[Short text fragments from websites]
——

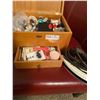Image 6 : Sewing Supplies with 2 Cases, Travel Size Steam Iron, Beautiful Hat, Decorative framed Photographs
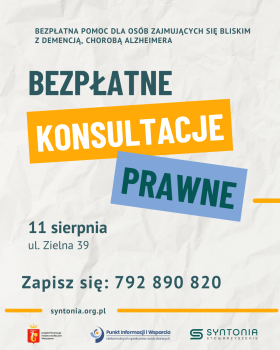 Zaproszenie do skorzystania z bezpłatnych konsultacji prawnych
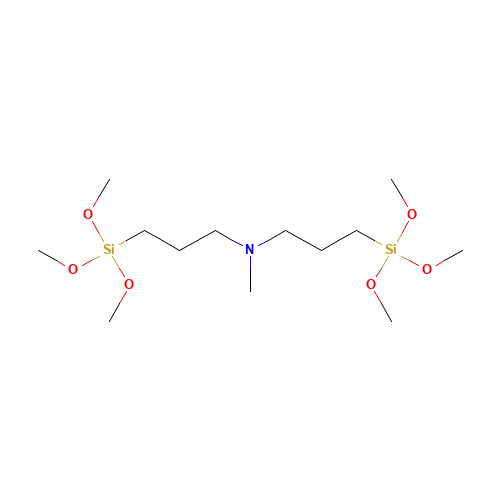 N-methyl-3-trimethoxysilyl-N-(3-trimethoxysilylpropyl)propan-1-amine (CAS: 31024-70-1) - Related Chemical Product
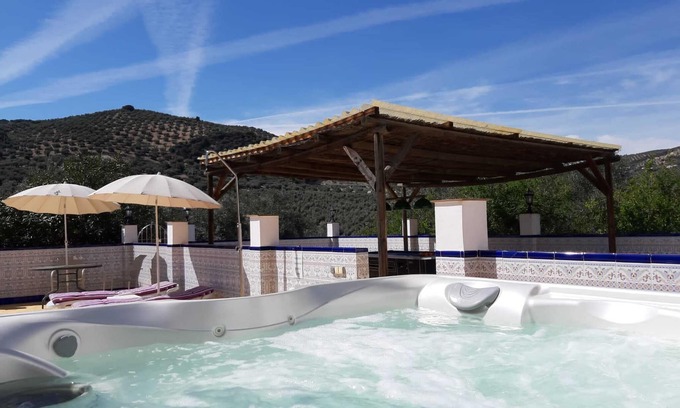 Iznajar Apartment | Serene Poolside Apartment with Hot Tub and Ocean View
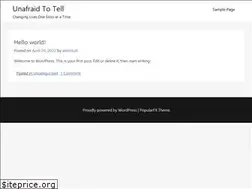 Sites similar to unafraidtotell.com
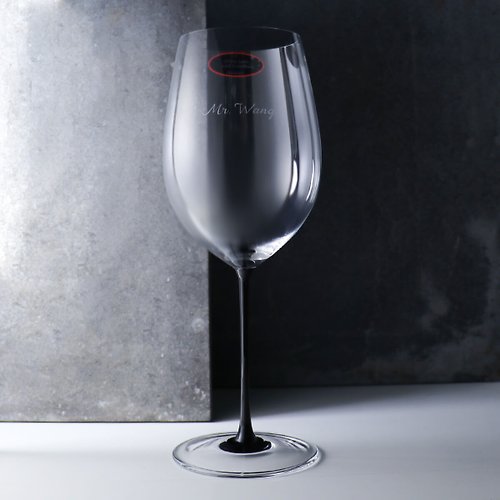 MSA玻璃雕刻 860cc【Riedel黑梗】Sommeliers Black Tie Bordeaux波爾多紅酒杯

——

▶ [EXERCISE BRIEF]:
Copy exactly the lines from the one containing "Sites similar to unafraidtotell.com" to the end of the records, both included, and leave the pictures out.

▶ [REPLY]:
 Sites similar to unafraidtotell.com
 MSA玻璃雕刻 860cc【Riedel黑梗】Sommeliers Black Tie Bordeaux波爾多紅酒杯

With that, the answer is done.